> [Goal of the exercise] Without any pictures, retype exactly the lines from the one with "medicube medicube Toner" through the final line of the records.

Extracted records:
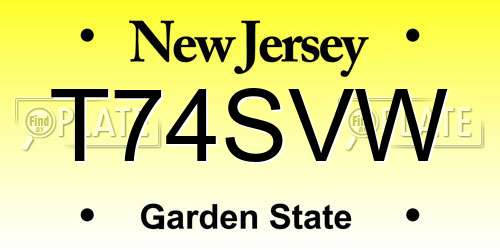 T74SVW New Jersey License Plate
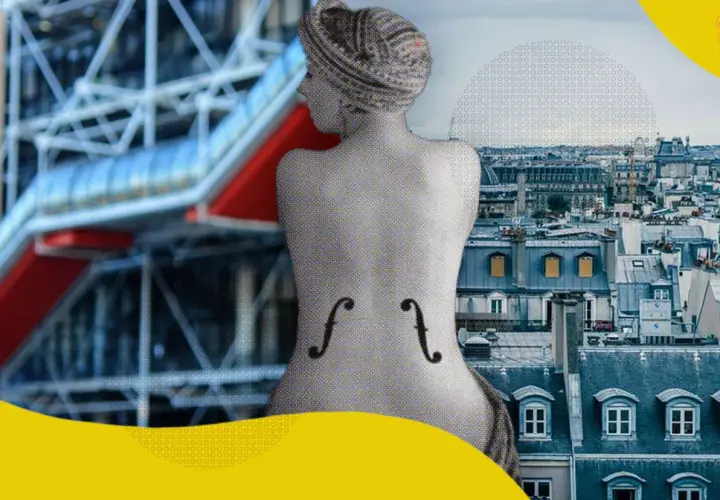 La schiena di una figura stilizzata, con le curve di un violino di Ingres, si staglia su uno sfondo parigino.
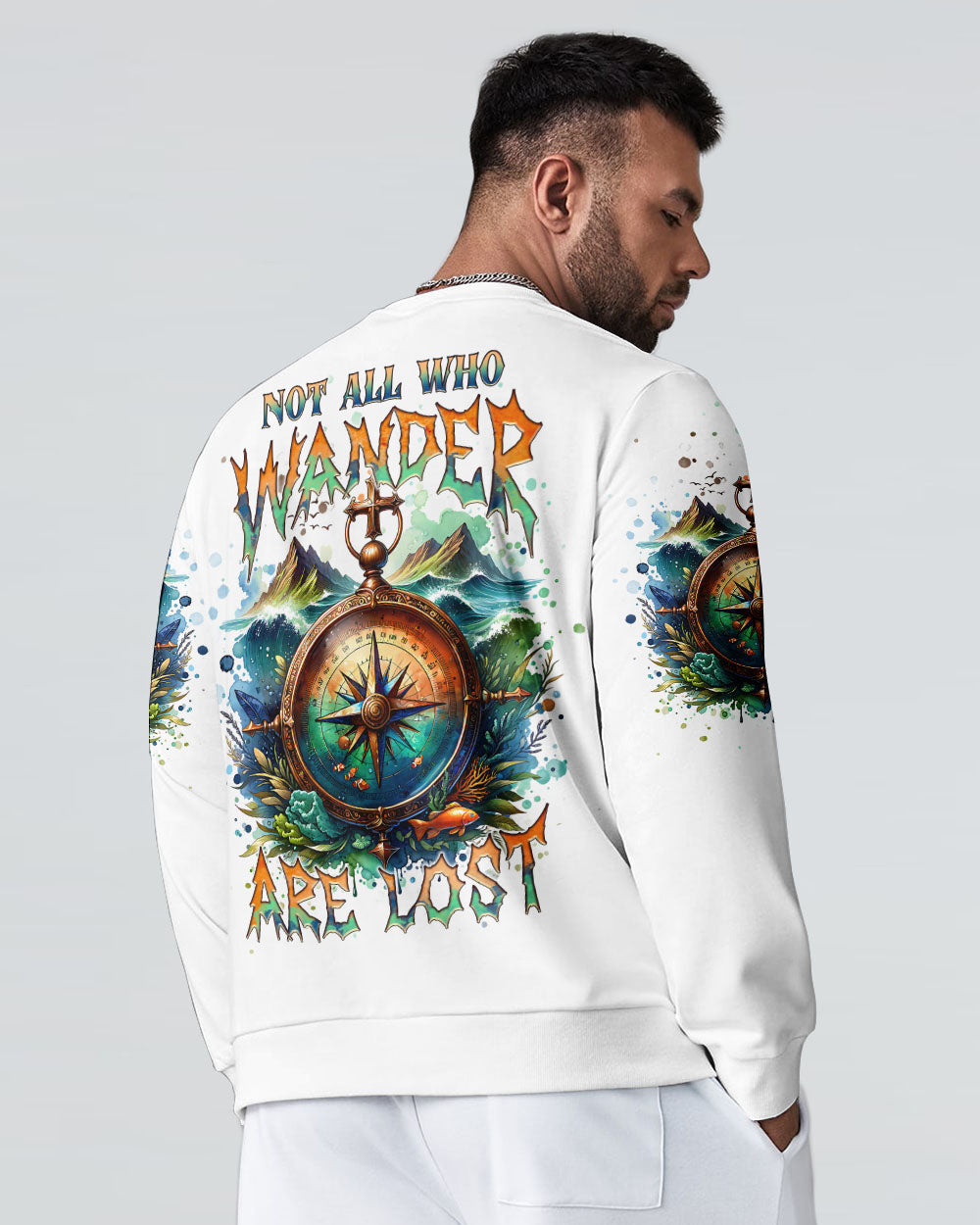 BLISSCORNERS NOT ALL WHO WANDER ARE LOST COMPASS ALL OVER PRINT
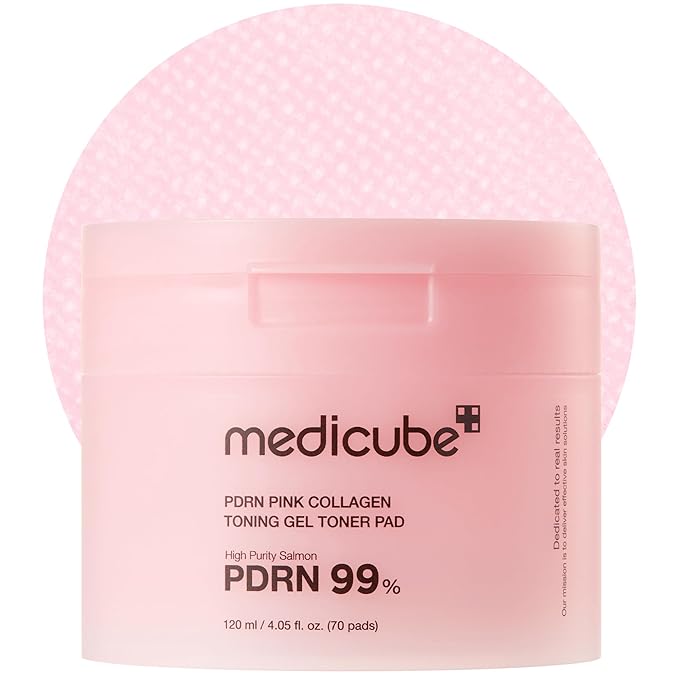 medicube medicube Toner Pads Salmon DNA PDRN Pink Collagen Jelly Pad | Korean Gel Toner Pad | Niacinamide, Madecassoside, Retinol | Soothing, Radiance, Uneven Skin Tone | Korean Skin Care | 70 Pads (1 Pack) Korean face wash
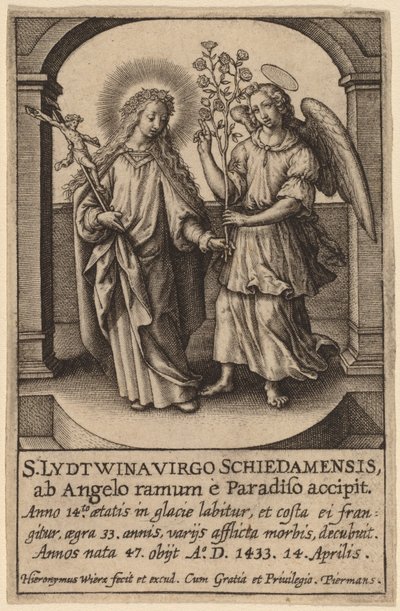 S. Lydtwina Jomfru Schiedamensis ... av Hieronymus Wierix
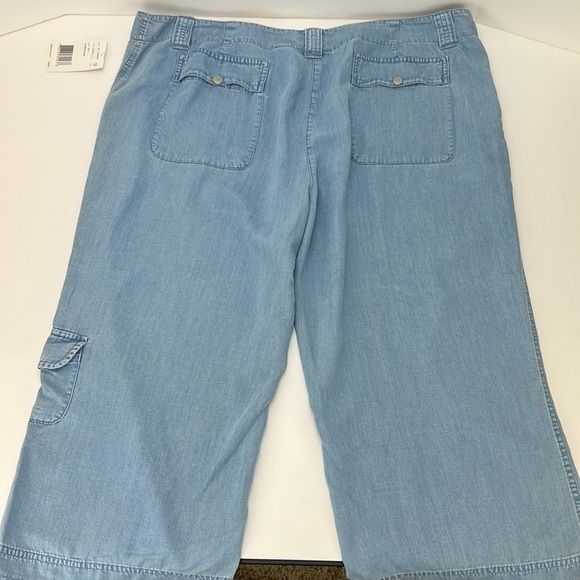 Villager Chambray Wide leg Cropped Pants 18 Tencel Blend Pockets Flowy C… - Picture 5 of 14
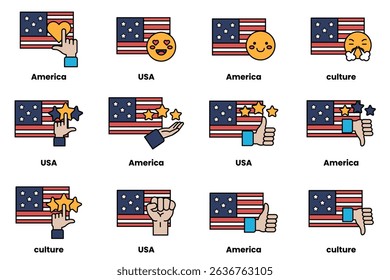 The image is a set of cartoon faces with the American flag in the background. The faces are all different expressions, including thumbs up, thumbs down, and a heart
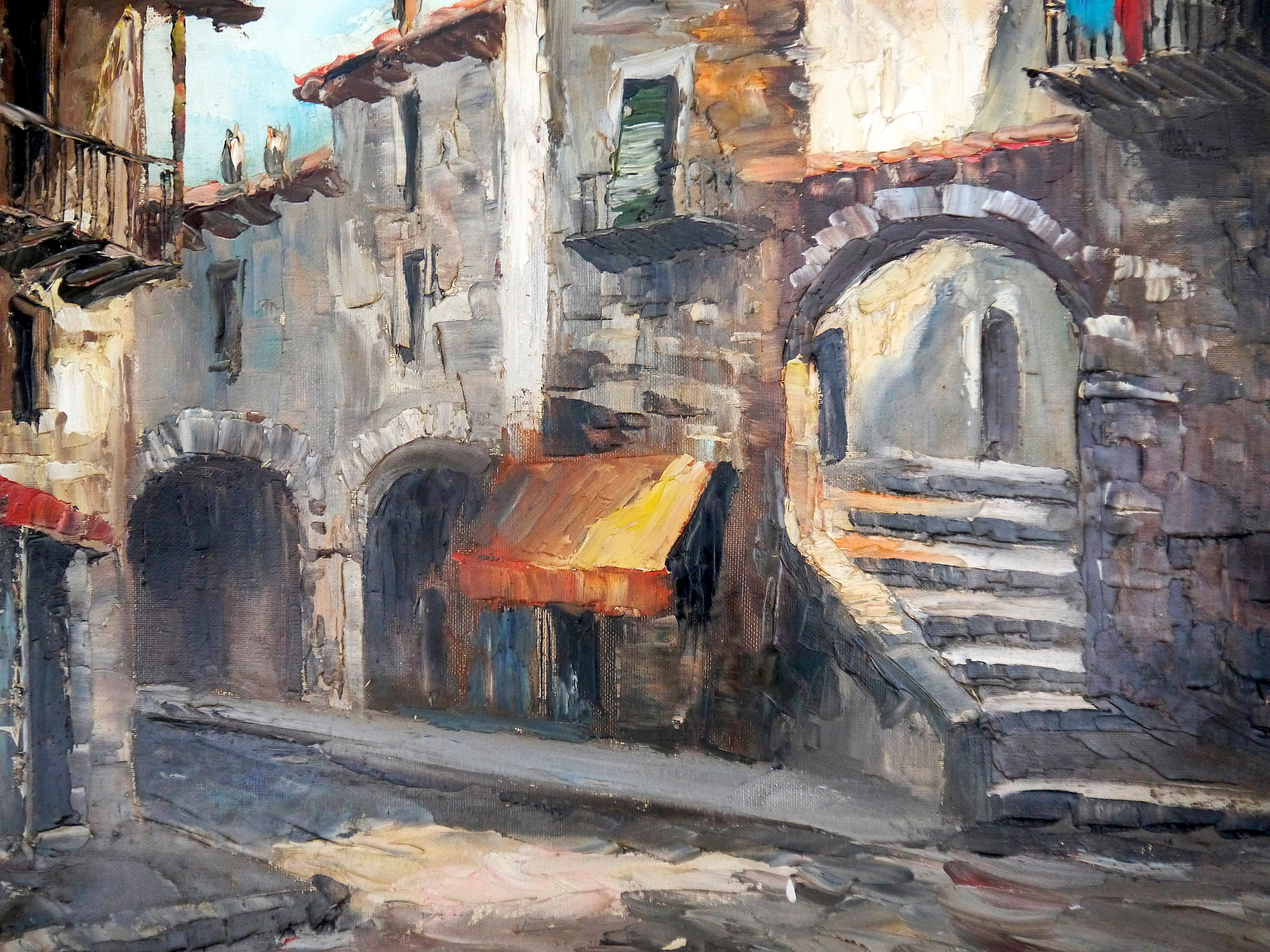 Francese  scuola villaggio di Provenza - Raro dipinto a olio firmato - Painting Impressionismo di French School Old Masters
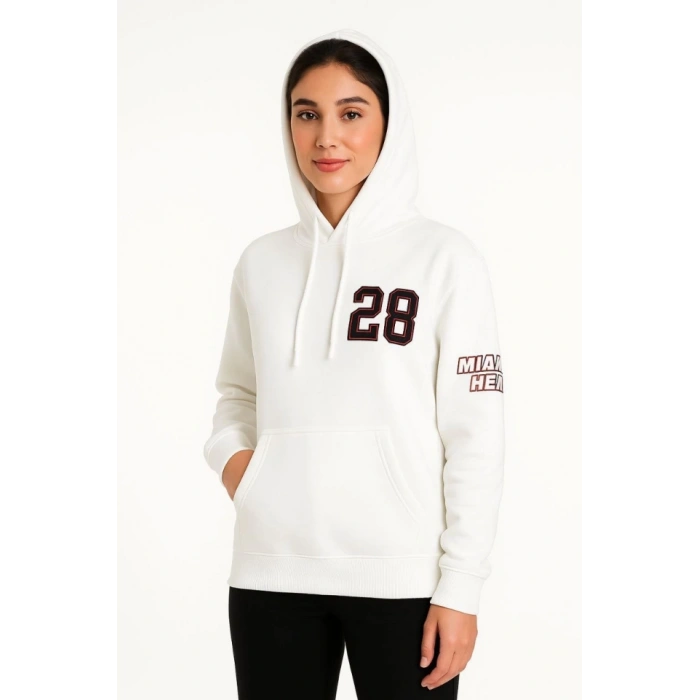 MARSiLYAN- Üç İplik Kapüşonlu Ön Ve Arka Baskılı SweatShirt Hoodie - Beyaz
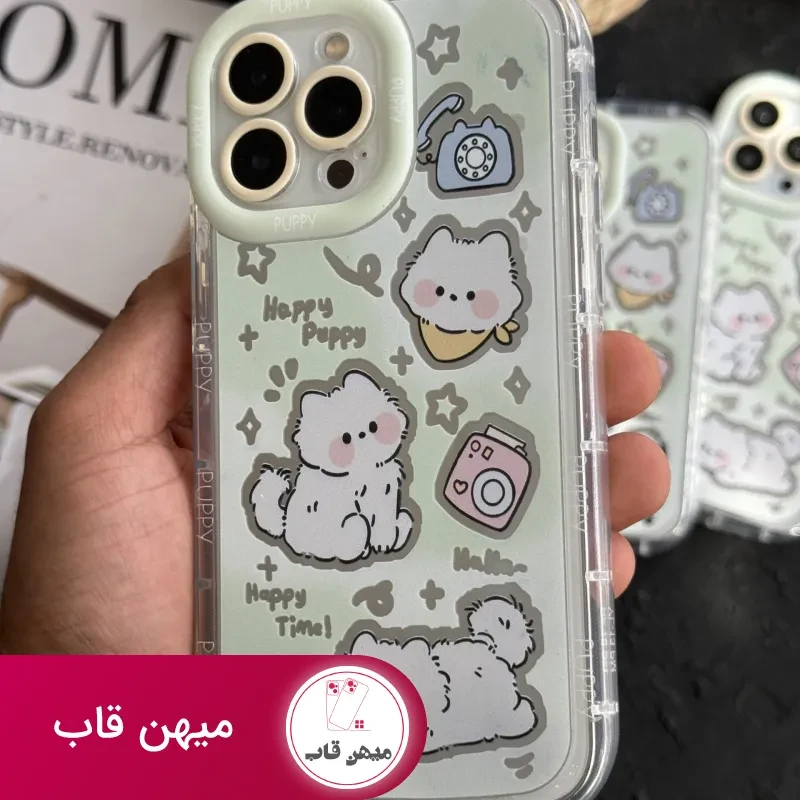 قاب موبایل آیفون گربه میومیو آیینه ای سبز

> [Answer box]
 medicube medicube Toner Pads Salmon DNA PDRN Pink Collagen Jelly Pad | Korean Gel Toner Pad | Niacinamide, Madecassoside, Retinol | Soothing, Radiance, Uneven Skin Tone | Korean Skin Care | 70 Pads (1 Pack) Korean face wash
 S. Lydtwina Jomfru Schiedamensis ... av Hieronymus Wierix
 Villager Chambray Wide leg Cropped Pants 18 Tencel Blend Pockets Flowy C… - Picture 5 of 14
 The image is a set of cartoon faces with the American flag in the background. The faces are all different expressions, including thumbs up, thumbs down, and a heart
 Francese  scuola villaggio di Provenza - Raro dipinto a olio firmato - Painting Impressionismo di French School Old Masters
 MARSiLYAN- Üç İplik Kapüşonlu Ön Ve Arka Baskılı SweatShirt Hoodie - Beyaz
 قاب موبایل آیفون گربه میومیو آیینه ای سبز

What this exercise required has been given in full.